§ **Directions for this task**
All lines from the one bearing "1956 Chevrolet Nomad with display case." through the end of the data below must be printed exactly as they stand, with pictures removed.

§ **Collected material**
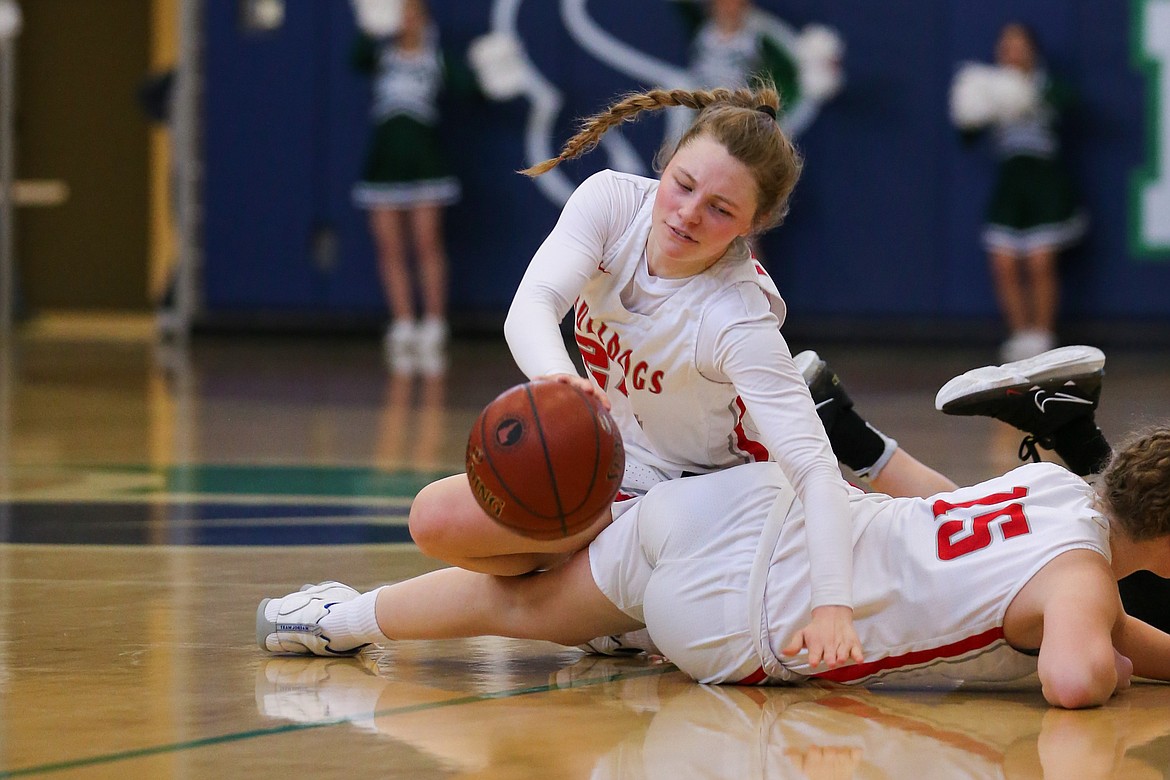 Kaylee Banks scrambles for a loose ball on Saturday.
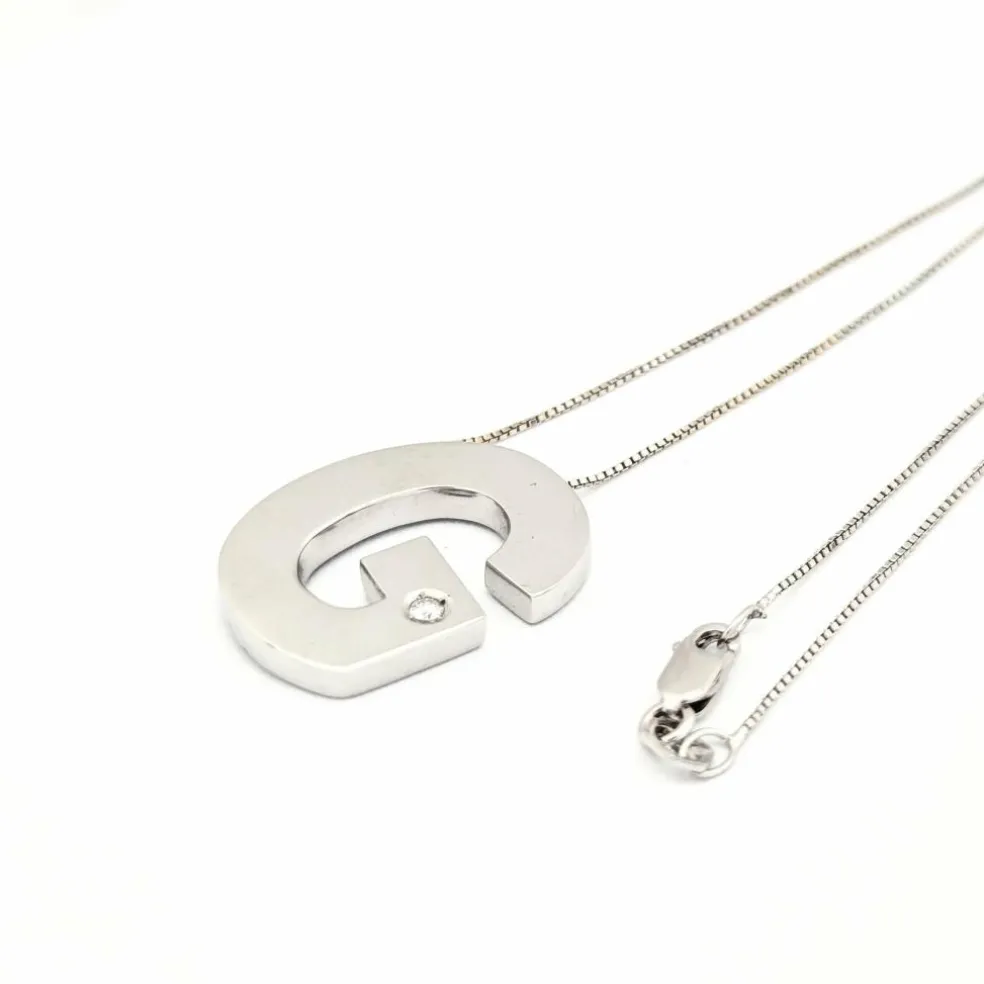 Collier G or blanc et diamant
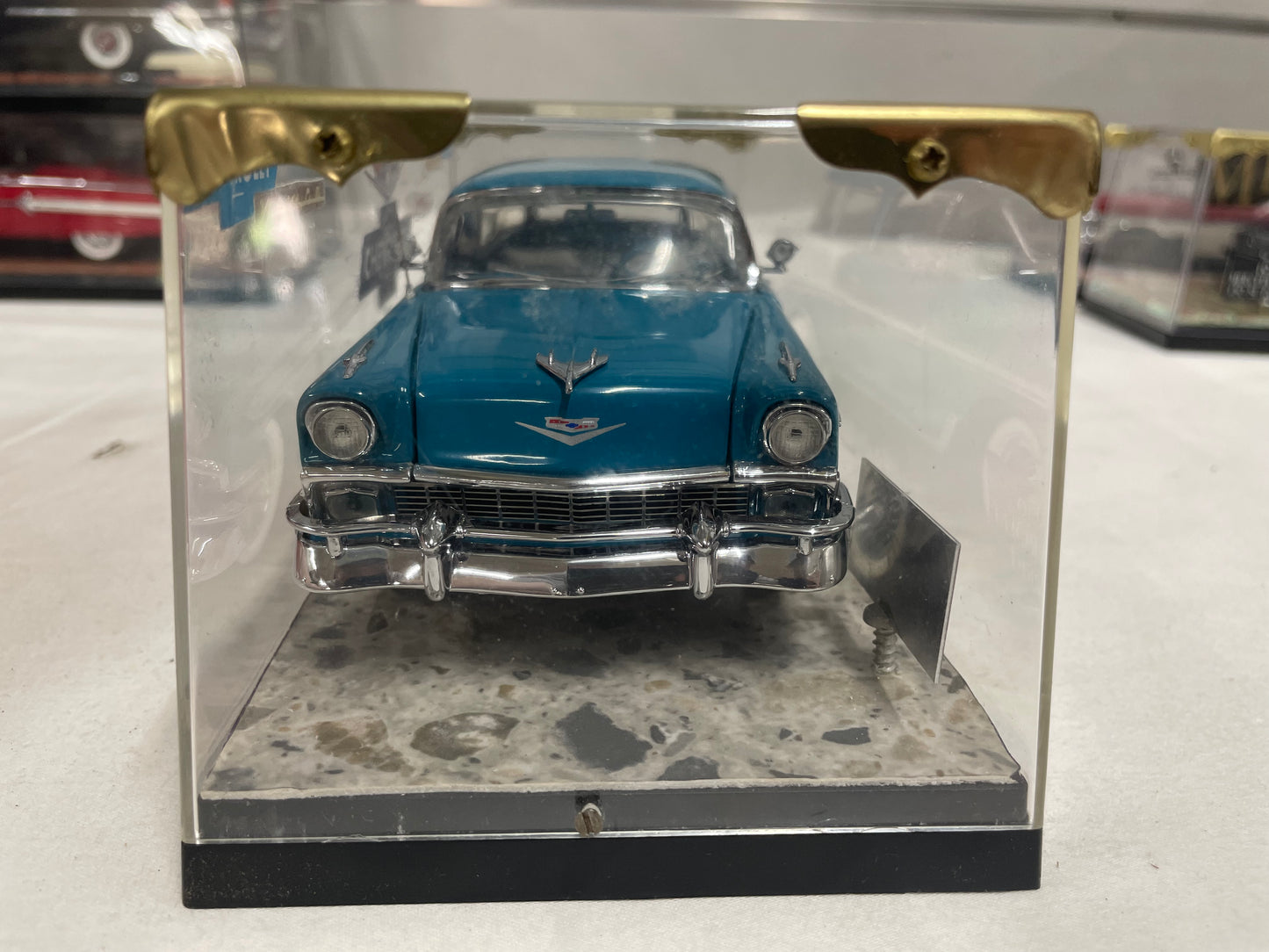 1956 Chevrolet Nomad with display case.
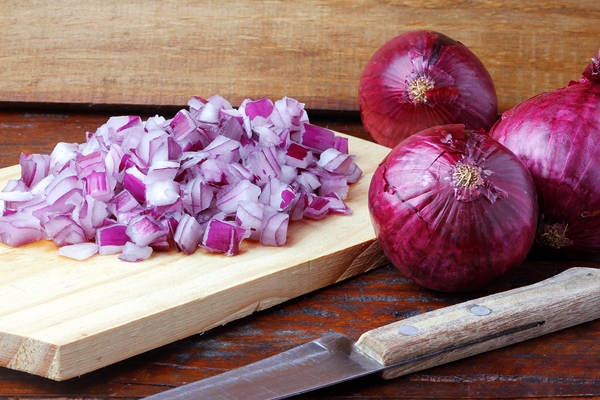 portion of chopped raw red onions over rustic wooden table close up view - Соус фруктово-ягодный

§ **Result of the task**
 1956 Chevrolet Nomad with display case.
 portion of chopped raw red onions over rustic wooden table close up view - Соус фруктово-ягодный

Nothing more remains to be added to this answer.